* _Work item_
Go through the listing below and output exactly the line with "[삼척 맛집 미소국밥] 직접 가본 로컬 리뷰", the line with "アスタリライズV3エッセンス", and each line between; omit the rest.
☆ ☆ ☆ ☆ ☆
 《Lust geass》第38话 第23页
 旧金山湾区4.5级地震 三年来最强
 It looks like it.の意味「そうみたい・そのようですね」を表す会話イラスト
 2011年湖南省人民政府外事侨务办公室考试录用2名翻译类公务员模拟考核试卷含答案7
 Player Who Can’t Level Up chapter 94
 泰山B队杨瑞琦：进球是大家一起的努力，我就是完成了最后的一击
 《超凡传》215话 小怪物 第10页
☆ ☆ ☆ ☆ ☆
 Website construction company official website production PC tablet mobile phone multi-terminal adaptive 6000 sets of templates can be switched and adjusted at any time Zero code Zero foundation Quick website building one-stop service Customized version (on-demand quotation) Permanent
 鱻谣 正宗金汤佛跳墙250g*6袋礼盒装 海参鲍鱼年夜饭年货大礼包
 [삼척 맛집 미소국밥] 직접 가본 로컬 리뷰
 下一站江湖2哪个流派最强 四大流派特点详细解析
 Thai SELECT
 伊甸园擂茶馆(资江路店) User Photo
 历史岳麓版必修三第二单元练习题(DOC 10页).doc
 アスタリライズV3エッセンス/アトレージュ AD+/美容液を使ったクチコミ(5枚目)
☆ ☆ ☆ ☆ ☆
* _Written response_
 [삼척 맛집 미소국밥] 직접 가본 로컬 리뷰
 下一站江湖2哪个流派最强 四大流派特点详细解析
 Thai SELECT
 伊甸园擂茶馆(资江路店) User Photo
 历史岳麓版必修三第二单元练习题(DOC 10页).doc
 アスタリライズV3エッセンス/アトレージュ AD+/美容液を使ったクチコミ(5枚目)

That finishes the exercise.